Friday, October 8, 2010

A Quick Review of "Who Really Wrote the Bible"

Shalom Aleichem,

I no longer have Internet access on a daily basis. I have enjoyed it greatly. :)

While getting caught up on my on-line activities I have decided to do a quick review of a book Who Really Wrote the Bible, which takes aim at the Document Hypothesis.

Although I'm sure many find my views to be quaint and or gulible, I am pretty picky when it comes to apologetic material. If we are going to engage in defending our view point, we should do it right (which is what I call the way I think is right. :) ). Knowing full well that there are segments of Orthodoxy which are loathe do disagree with academic consensus, and other areas which are prone to be overly dismissive of academic opinion, I cringed when I saw the book. It is not that I do not believe a good argument could be made against the Document Hypothesis, but it is easy to go off on only slightly relevant tangents and I doubted that a quality job could be done in a popular book.

Nevertheless it was an enjoyable read. After an akward start that infused too much politics into the discussion it gave an acceptable overview of the developement of the Document Hypothesis. It continued to give some good arguments along with a few well worded, strong points. Considering that it really constitues a response to another work aimed at a popular audience, "Who Wrote the Bible" by Richard Elliot Friedman, it does as reasonable job at giving the reader reason to question the Document Hypothesis as Friedman gives reason to accept it.

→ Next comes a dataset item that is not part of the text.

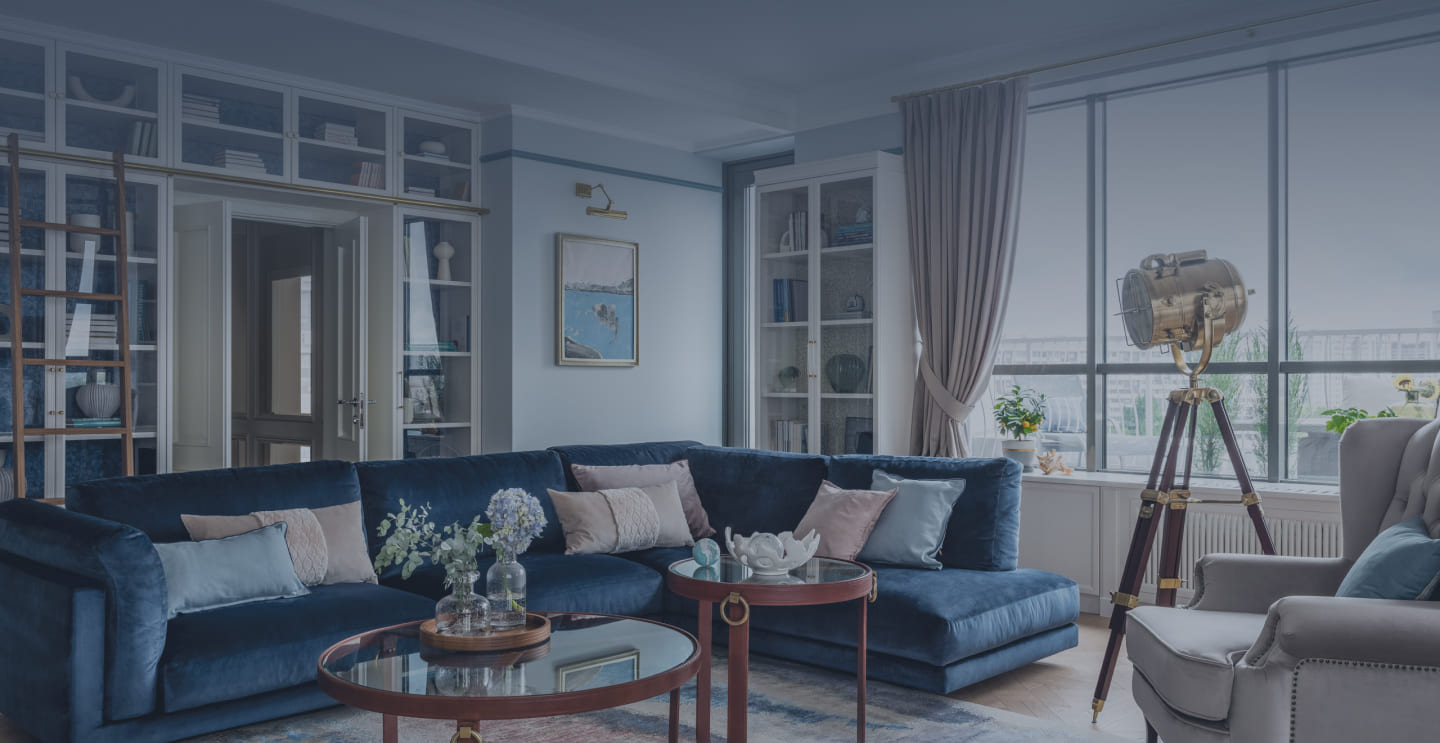 Комната с кирпичной стеной и голубым диваном - TB.Design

The book concludes with a novel argument on a method which highlights the main theme of a given passage, which apears accross the JEPDR boundries. I confess, I am skeptical. Nevertheless, insofar as they are accurate they authors actually gave quite of few examples which makes it worth futher consideration in my mind. The plus is that it is pretty testable, although quite a bit of work would be needed to do so. It should also be tested by slightly altering the approach, in ways obvious once you've read it, to see if the results can appear valid/persuasive which might indicate that this has more to do with chance that authorship.

I think it worth a read. I was pleased with the purchase, when I hadn't expected to be. My expectations may have been low (just as it had been fro Friedman's book before them), but they did excede my expectations.